On 07-Nov-04 Dr. David Alan Gilbert wrote:
- Ted Harding (Ted.Harding@nessie.mcc.ac.uk) wrote:
Hi Folks,
On one (A) of my 3 running machines, I noticed that 'ls -ls' on /var/log shows:
A: 44 -r-------- 1 root root 19136220 Oct 30 10:52 lastlog
[...] We have here a sparse file; one of the more useful but slightly confusing features of Unix. If you start with an empty file, 'seek' a few GB into the file and write one byte you'll actually only store one block of data for the file (oh and a handful of other data saying where it is). Now in this case the empty space normally reads as zero; normal programs just read these zeros without knowing that there is anything special about the file (and so if you copy a sparse file without doing special stuff you suddenly increase the disc usage!).
Now what lastlog does is that it stores a block of data for each user of 292 bytes in length (struct lastlog); and it stores those at offset: uid * sizeof(struct lastlog)
in the file.
Dave, thanks for an illuminating explanation and especially the pointer to the offset calculation, and how the file size depends on the largest uid that has logged in! Most helpful and useful.
B: 3 -rw------- 1 root root 12216 Nov 6 15:32 faillog 3 -rw-r--r-- 1 root root 16128 Nov 6 15:32 lastlog
Did you ever log into that other than as root? Or perhaps you have a user with uid 54?
Hmmm -- I have uids in /etc/passwd in the range 500-508, and I regularly log in with uids 500 and 503.
C: 8 -rw------- 1 root root 12072 Nov 4 13:17 faillog 16 -rw-r--r-- 1 root tty 146876 Nov 4 13:17 lastlog
I'm guessing you have a user on here with uid 502? (146876/292).
Here 500-502, so it's consistent!
So now we come to the monster file; 19136220 / 292=65535 that is odd. That suggests that there is an entry in lastlog for user 65534 or 65535 - have you ever logged onto the machine as 'nobody'?

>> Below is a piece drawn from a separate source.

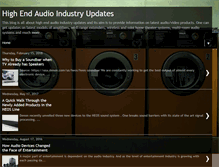 Tablet Screenshot of high-end-audio-products.blogspot.com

User "nobody" has uid 99 on this machine. However, there is an "nfsnobody" with uid 65534, but to my memory I've not logged in as such on this machine. However, it may be that some process started up by the machine itself (Red Hat 9) does this. I've certainly hooked the machine up to nfs many times.
However, the 'lastlog' program gives: nobody **Never logged in** [...] nfsnobody **Never logged in**
Anyway, all very interesting! Thanks.
Ted.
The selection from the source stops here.